To date, I have been following several Cyclingnews riders' diaries from my chair. Now it is my first time on the writing side, which takes a little bit more time.
It is the second week that I am at home, after a two-and-a-half-month long road trip. When I left for South Africa at the end of February, there was still a lot of snow around the house, and now the lawn is in desperate need of mowing for the first time. But how can I start mowing when the lawn mower is still at my brother's for service? I guess it will have to wait until after the Madrid round of the World Cup or in the meantime, maybe I can break down the fence and give my uncle's cows a new, heavenly and very green spot to eat?
And yes, all the Swiss cows are wearing bells. Do they wear them in case they disappear and need to be found or are they just a tourist attraction? This was the number one question from visitors all last week, during a Specialized press launch here in my home town Sigriswil, Switzerland. I was pretty busy eating, drinking and riding with journalists, Specialized engineers and marketing people from all around the world.

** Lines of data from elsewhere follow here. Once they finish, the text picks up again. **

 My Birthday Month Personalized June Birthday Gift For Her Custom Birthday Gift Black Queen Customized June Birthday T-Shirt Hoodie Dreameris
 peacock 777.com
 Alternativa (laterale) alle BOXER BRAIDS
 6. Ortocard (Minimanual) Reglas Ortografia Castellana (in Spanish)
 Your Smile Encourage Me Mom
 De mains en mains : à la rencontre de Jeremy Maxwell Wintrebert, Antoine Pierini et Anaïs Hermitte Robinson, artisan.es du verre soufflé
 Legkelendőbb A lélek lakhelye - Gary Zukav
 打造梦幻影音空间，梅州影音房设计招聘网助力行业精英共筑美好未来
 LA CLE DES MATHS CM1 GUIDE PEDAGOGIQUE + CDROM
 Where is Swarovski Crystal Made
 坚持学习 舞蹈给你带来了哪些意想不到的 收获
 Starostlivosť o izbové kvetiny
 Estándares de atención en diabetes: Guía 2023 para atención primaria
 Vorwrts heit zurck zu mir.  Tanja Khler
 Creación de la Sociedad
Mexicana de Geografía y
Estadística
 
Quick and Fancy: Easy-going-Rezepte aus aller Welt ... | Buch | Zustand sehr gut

It was good fun, but my butt needed to get kicked on Thursday when it was time to do a few five minute low RPM strength intervals on the road bike. The day after the launch, I met Ned Overend on a big mountain in the rain and fog. Sure Ned was at the launch, too. He looked like he was getting bored taking the gondola for the downhill runs the whole day and instead opted for some cross country fun!
I am definitely not happy with how the last two World Cups turned out for me. The two races in Offenburg (Germany) and Houffalize (Belgium) are on my list of favorites, and at both races I could hear the podium announcer for my race from far away, while I was at our team booth, already changed. Fortunately, (teammate) Burry (Stander) brought the champagne home for us, but it did not taste the same as winning it personally.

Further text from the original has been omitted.